Directions for this task - Exactly the lines from the one containing "Ο Πουλλαϊδης... τραπέζωσε" through the end of the records must be reproduced; leave out all pictures.

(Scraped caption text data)
-*-*-

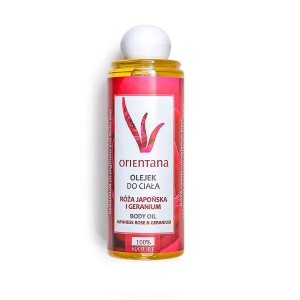 Olejek do ciała Róża Japońska 210ml - Odżywia i wzmacnia skórę zmęczoną, podrażnioną, szarą - ORIENTANA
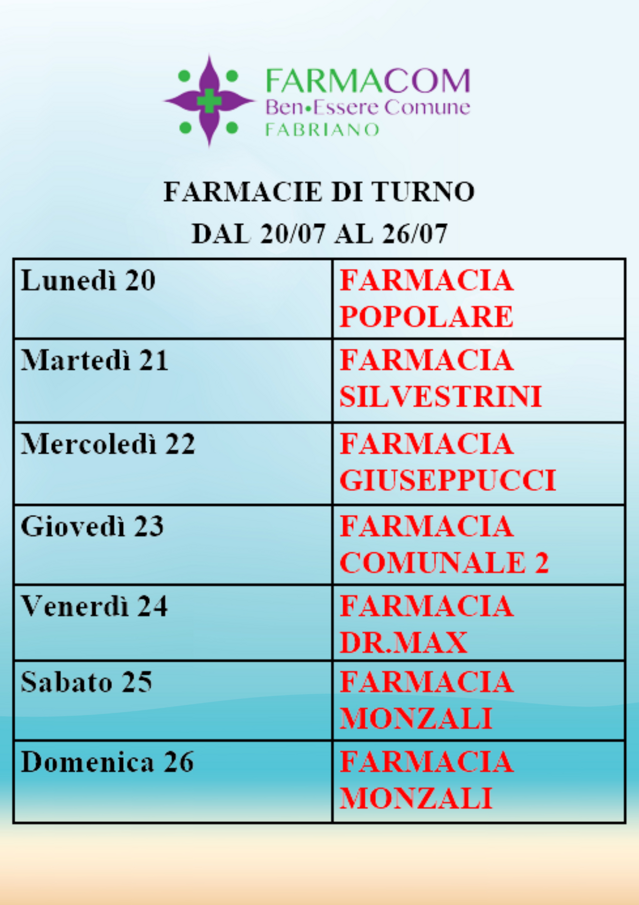 turni dal 20.07 ldwall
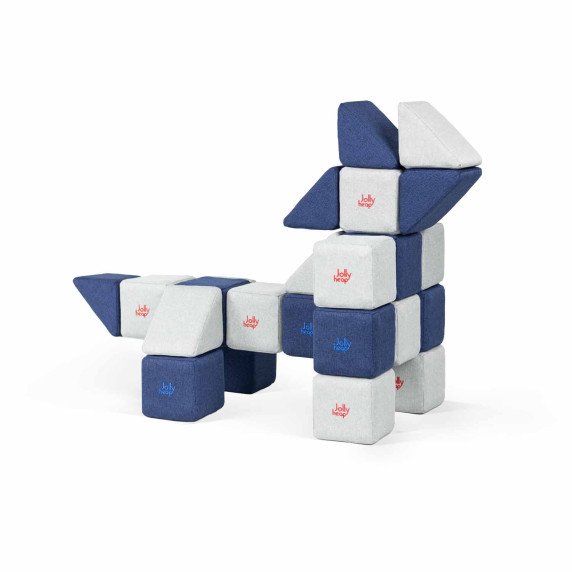 JOLLYHEAP „MINI" Magnetinių kaladėlių rinkinys (24 vnt.)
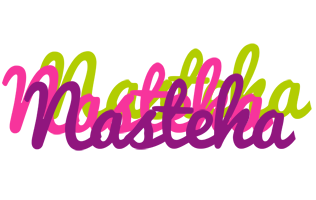 Nasteha flowers logo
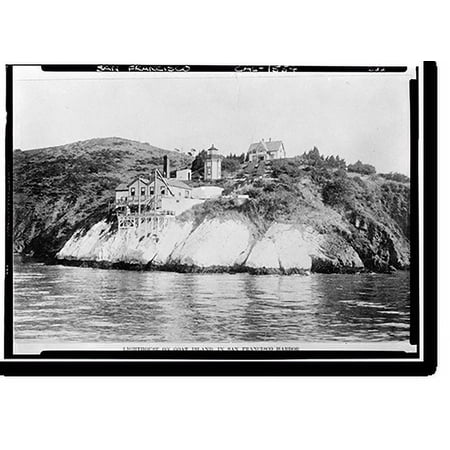 Historic Print, Yerba Buena Lighthouse Buildings, Yerba Buena Island, San Francisco, San Francisco County, CA, 18" x 24"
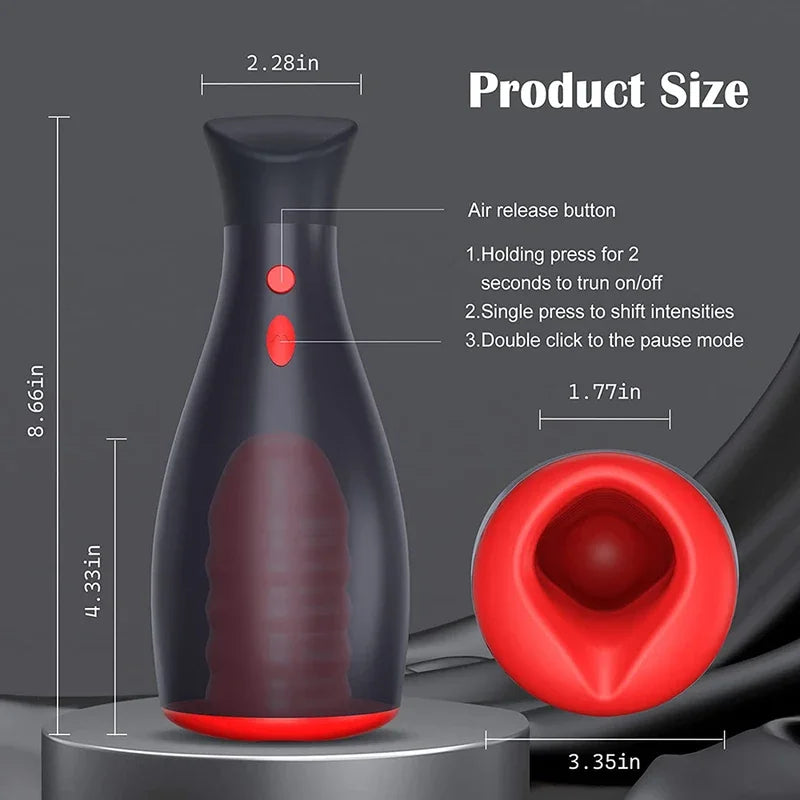 Masturbateur Automatique pour Homme Machine de Fellation en Gorge Profonde avec 7 Modes de Vibration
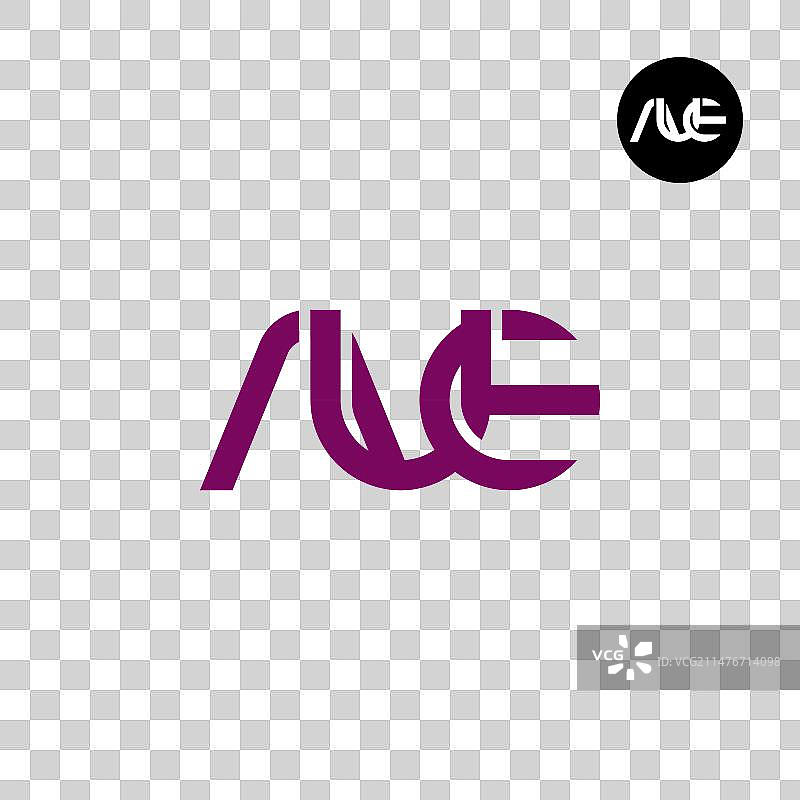 字母AUE组合标志设计图片素材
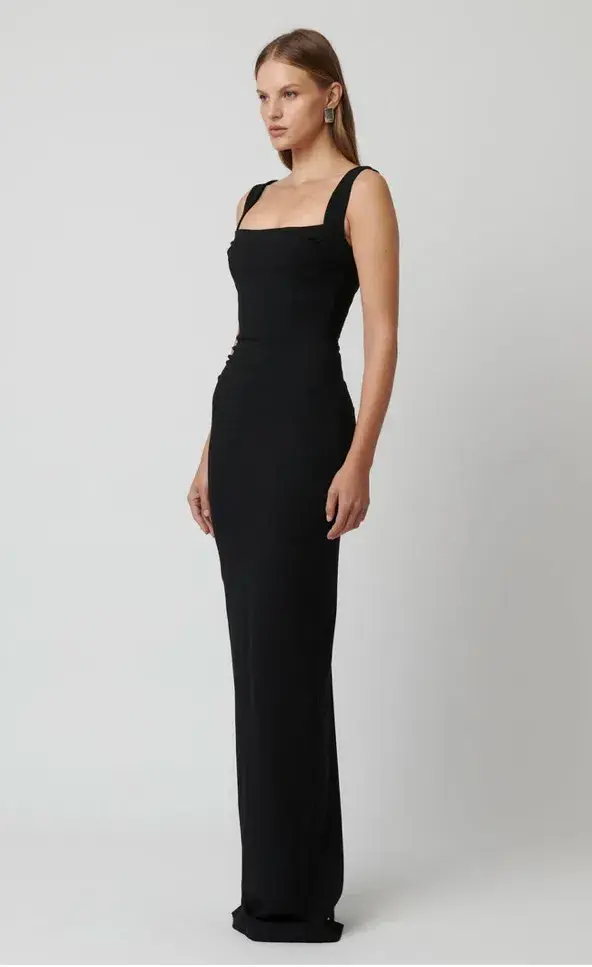 Effie Kats Marbella Gown Black Size 12 for rent on The Volte - main image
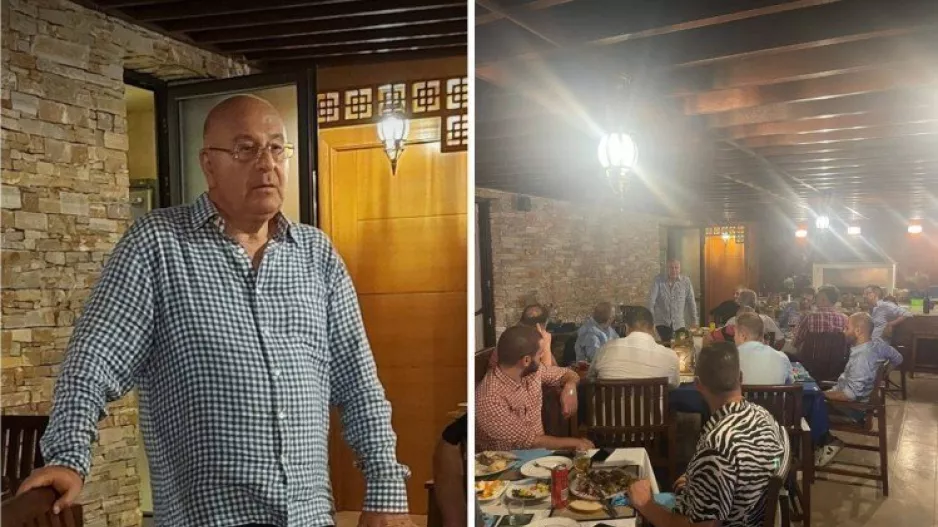 Ο Πουλλαϊδης... τραπέζωσε τους εκπροσώπους των ΜΜΕ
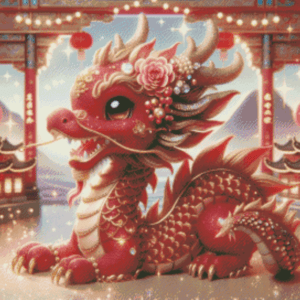 Jewel Flame Dragon by Lexxy ai 50×70 56 Farben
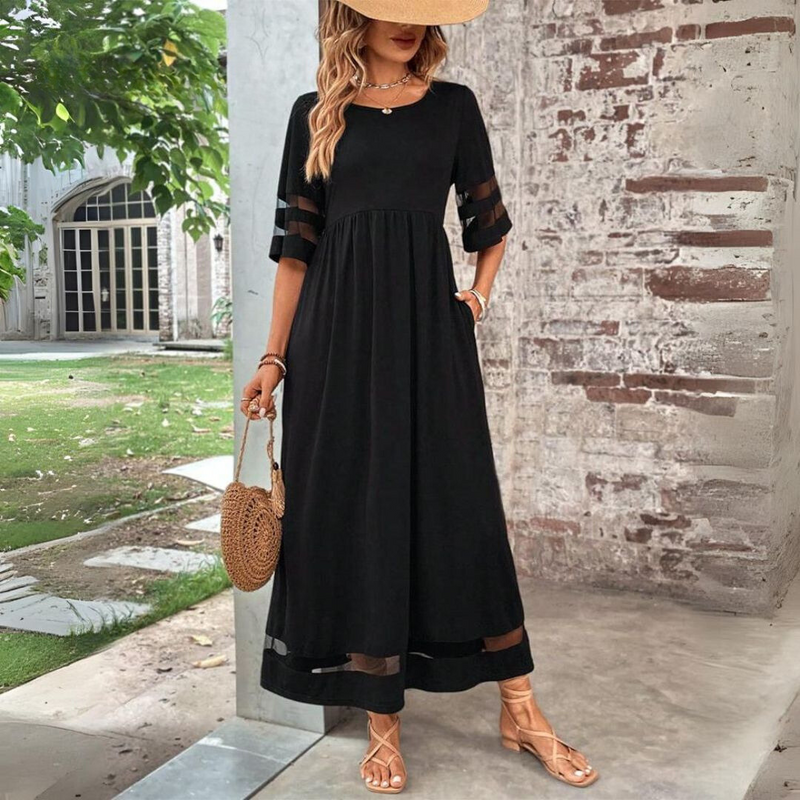 Analisa | Elegant Silhouette Maxi Dress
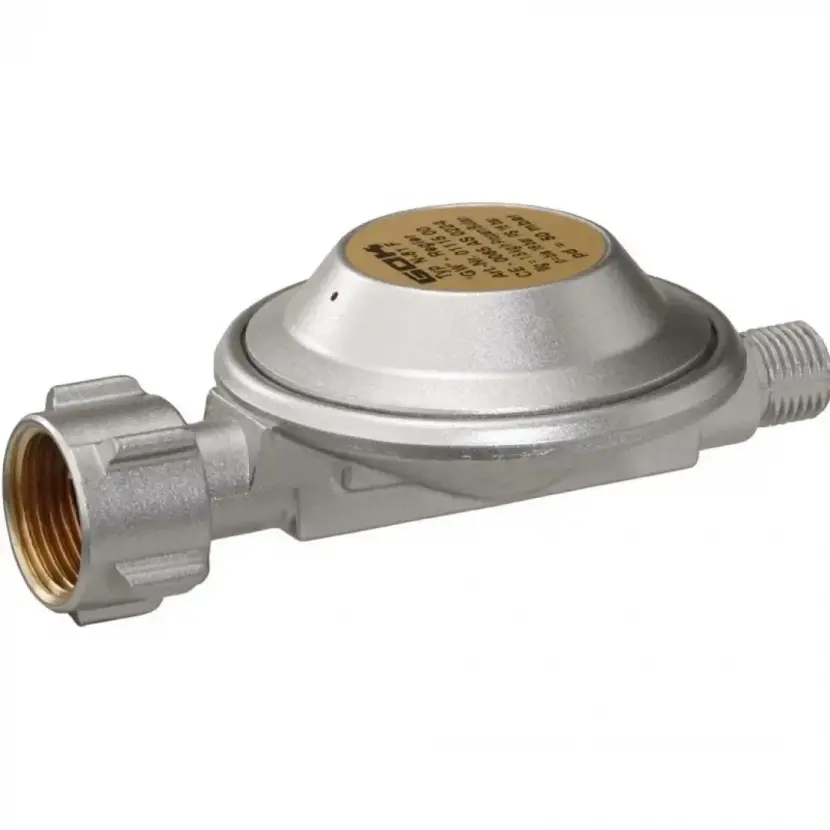 GOK 30mbar G12-G1/4 Basınç Korumalı Gaz Regülatörü/Dedantör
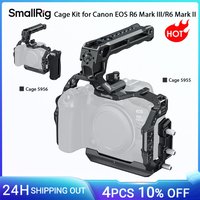 SmallRig R6 Mark III / R6 Mark II Basic Cage Kit for Canon EOS R6 Mark III / R6 Mark II with Cable Clamp Top Handle -5955/5956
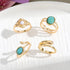 4-7PCS Boho Knuckle Ring Sets for Women Gold Green Gem Ring Sets Stackable Vintage Green Knuckle Gems Rings Good Luck Midi Finger Rings Set Thumb ...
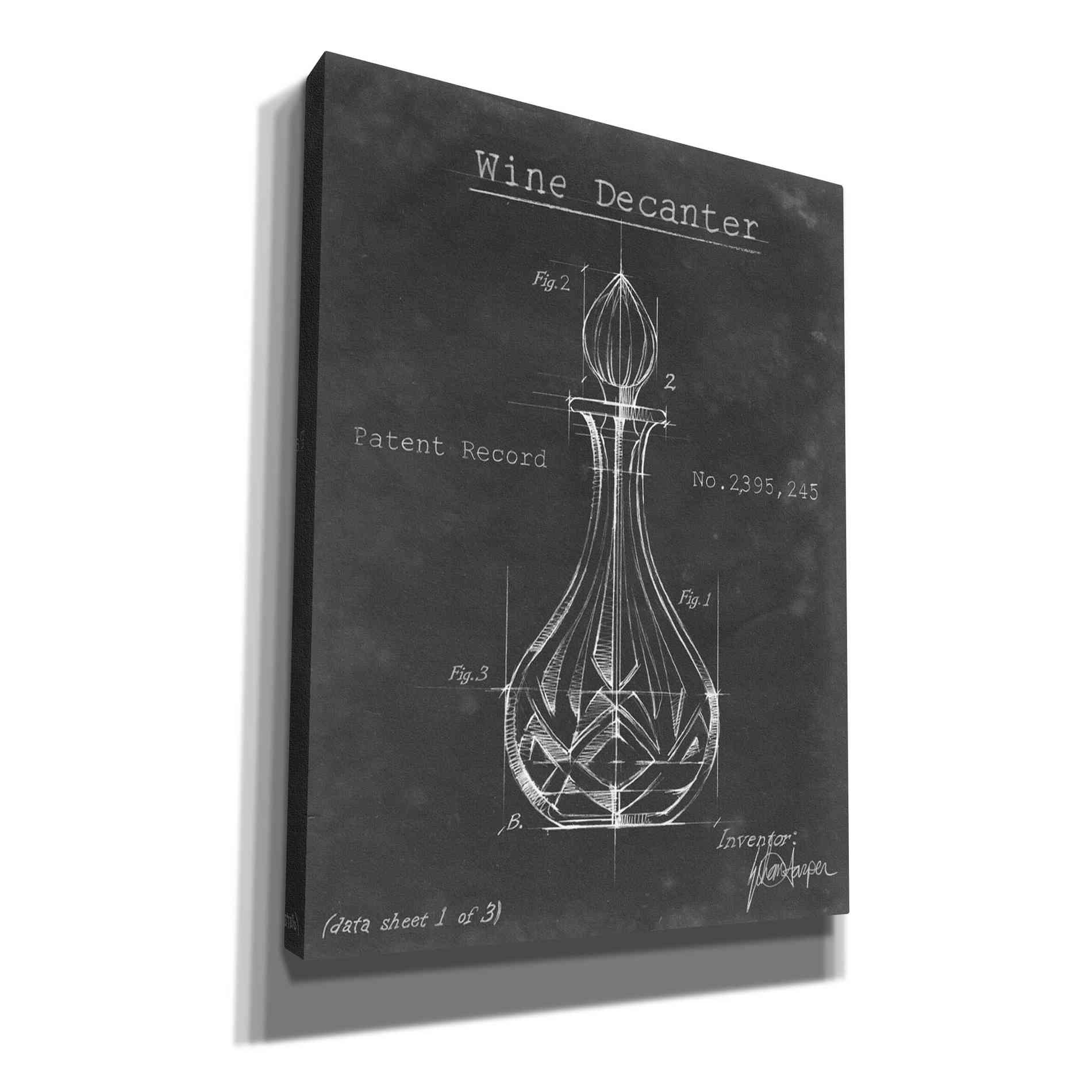 'Barware Blueprint VIII' by Ethan Harper Canvas Wall Art,Size C Portrait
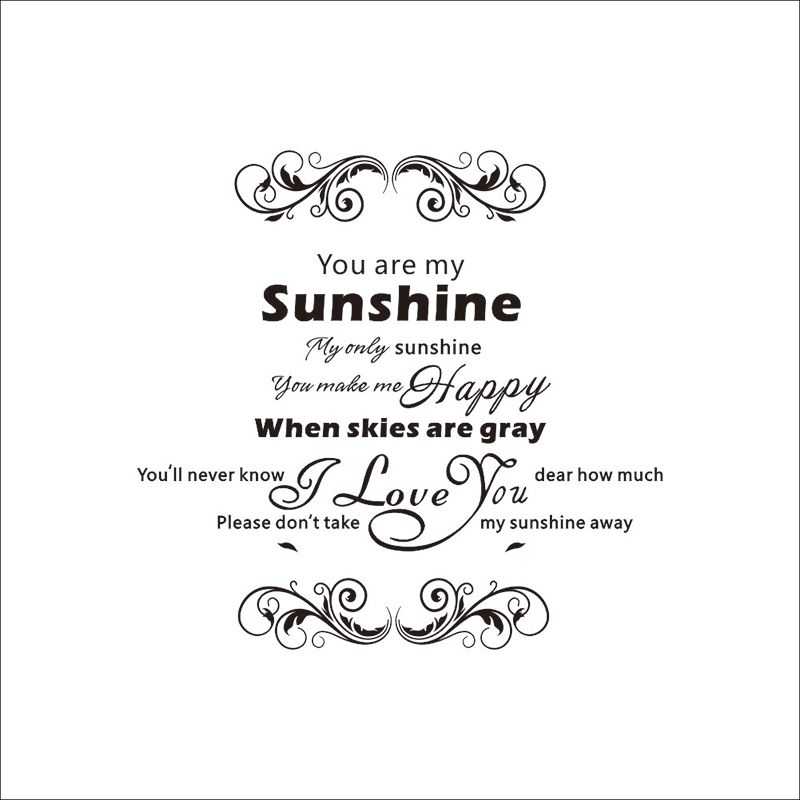 Wall Stickers Home Wall Decor English Proverbs For Kids Room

-*-*-

Answer to this problem -
 Ο Πουλλαϊδης... τραπέζωσε τους εκπροσώπους των ΜΜΕ
 Jewel Flame Dragon by Lexxy ai 50×70 56 Farben
 Analisa | Elegant Silhouette Maxi Dress
 GOK 30mbar G12-G1/4 Basınç Korumalı Gaz Regülatörü/Dedantör
 SmallRig R6 Mark III / R6 Mark II Basic Cage Kit for Canon EOS R6 Mark III / R6 Mark II with Cable Clamp Top Handle -5955/5956
 4-7PCS Boho Knuckle Ring Sets for Women Gold Green Gem Ring Sets Stackable Vintage Green Knuckle Gems Rings Good Luck Midi Finger Rings Set Thumb ...
 'Barware Blueprint VIII' by Ethan Harper Canvas Wall Art,Size C Portrait
 Wall Stickers Home Wall Decor English Proverbs For Kids Room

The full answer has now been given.